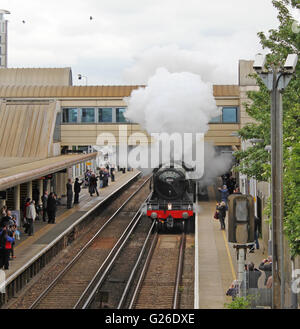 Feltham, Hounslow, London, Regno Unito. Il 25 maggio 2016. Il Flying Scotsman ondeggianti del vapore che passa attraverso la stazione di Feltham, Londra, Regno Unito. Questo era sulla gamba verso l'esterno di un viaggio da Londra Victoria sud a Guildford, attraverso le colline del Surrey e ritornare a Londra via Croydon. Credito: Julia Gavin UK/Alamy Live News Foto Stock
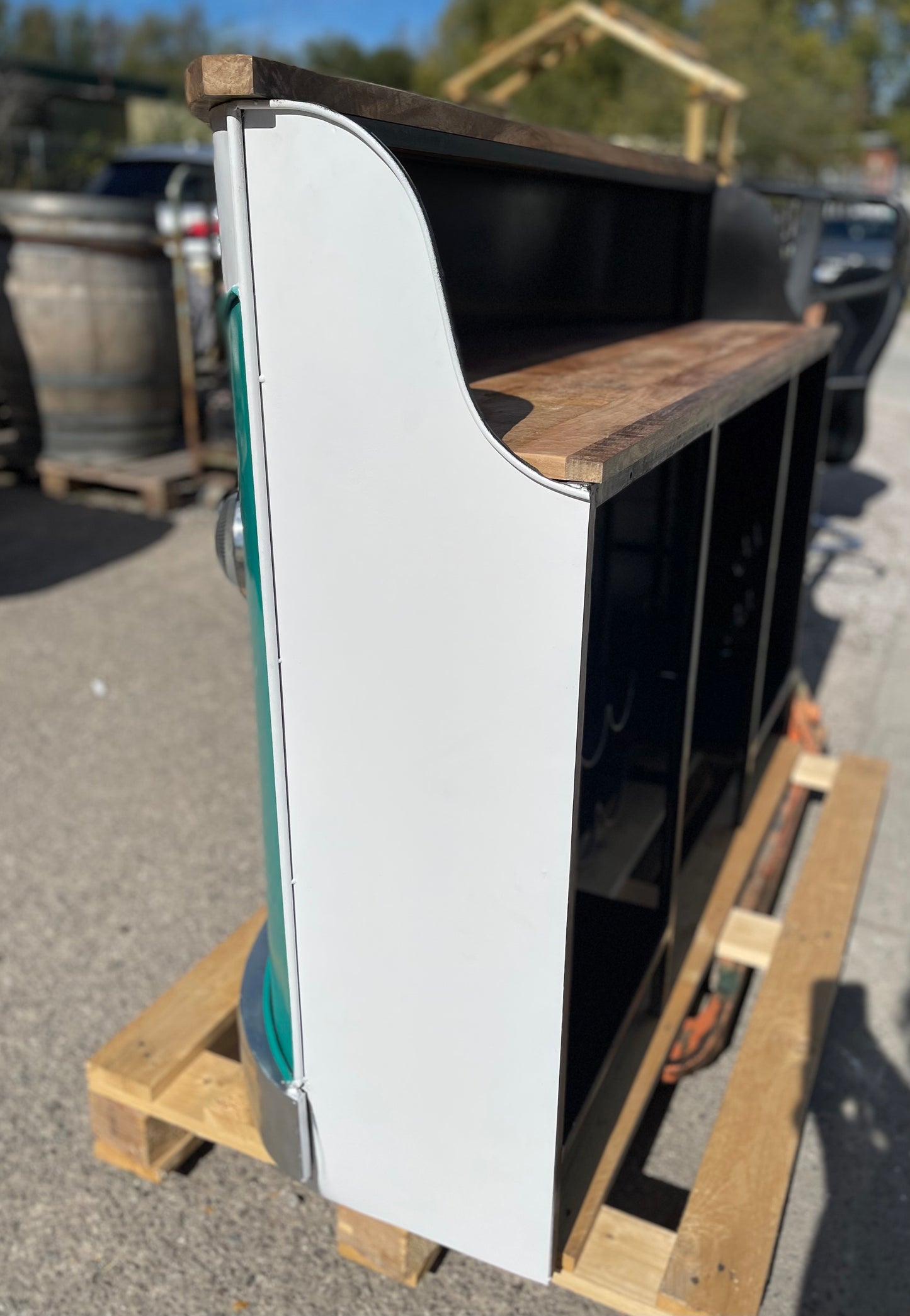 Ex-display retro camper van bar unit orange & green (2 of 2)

...

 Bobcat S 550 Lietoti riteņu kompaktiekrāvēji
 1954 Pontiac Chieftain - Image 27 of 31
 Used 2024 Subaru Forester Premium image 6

* * *

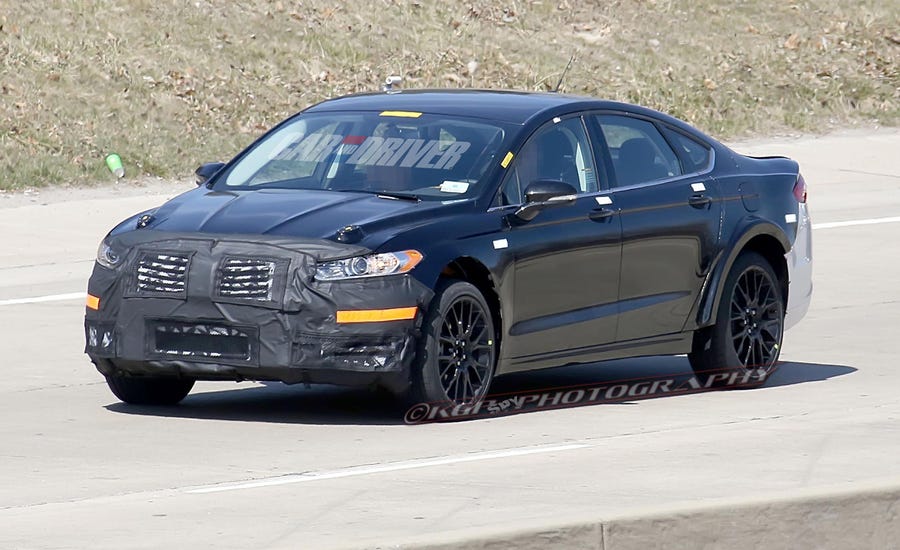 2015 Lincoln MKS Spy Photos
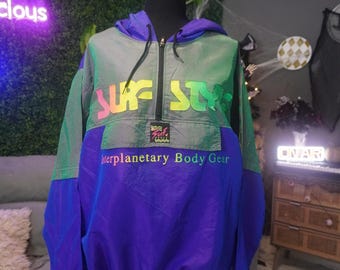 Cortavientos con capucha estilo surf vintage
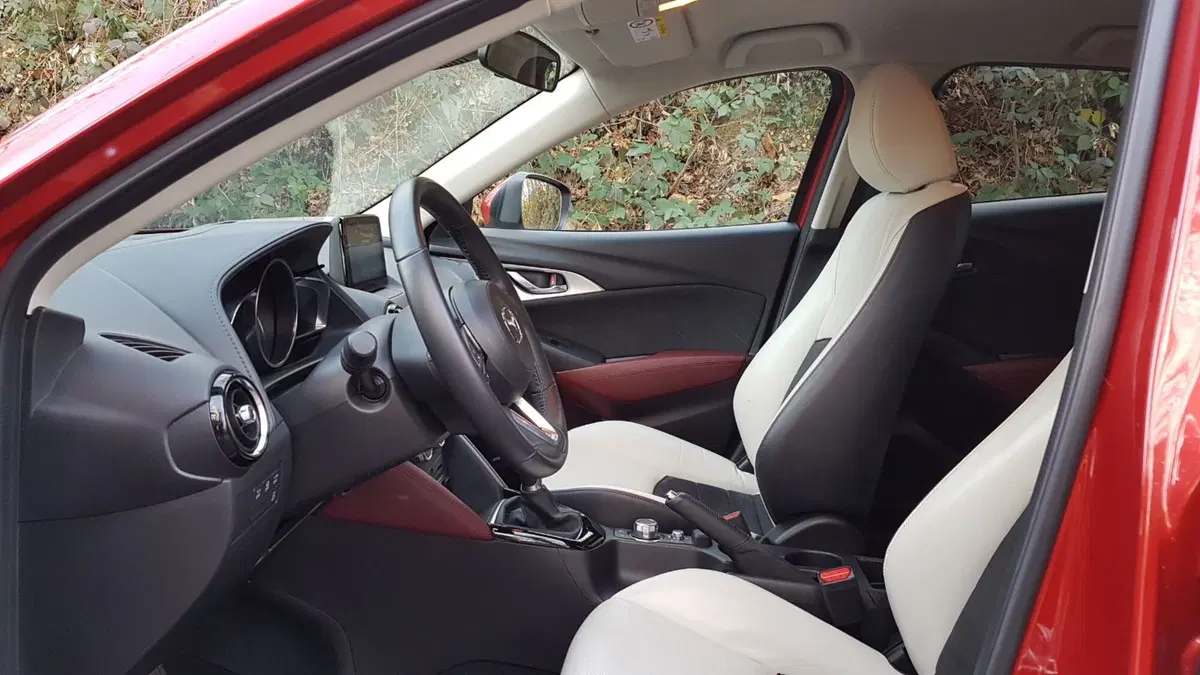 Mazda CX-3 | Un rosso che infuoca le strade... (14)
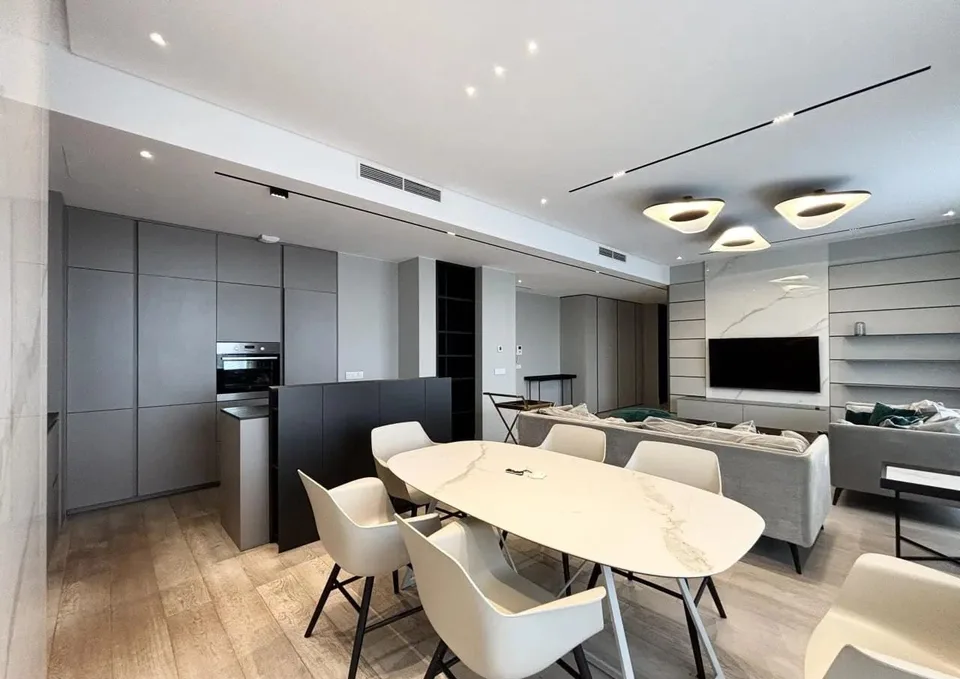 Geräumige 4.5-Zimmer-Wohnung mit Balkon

## WHAT IS REQUIRED:
Look above for the line with "Feltham, Hounslow, London, Regno" and the line with "Ex-display retro camper"; set down those two lines and all lines between them exactly, without pictures and without anything else.

## ANSWER TO THE EXERCISE:
 Feltham, Hounslow, London, Regno Unito. Il 25 maggio 2016. Il Flying Scotsman ondeggianti del vapore che passa attraverso la stazione di Feltham, Londra, Regno Unito. Questo era sulla gamba verso l'esterno di un viaggio da Londra Victoria sud a Guildford, attraverso le colline del Surrey e ritornare a Londra via Croydon. Credito: Julia Gavin UK/Alamy Live News Foto Stock
 Ex-display retro camper van bar unit orange & green (2 of 2)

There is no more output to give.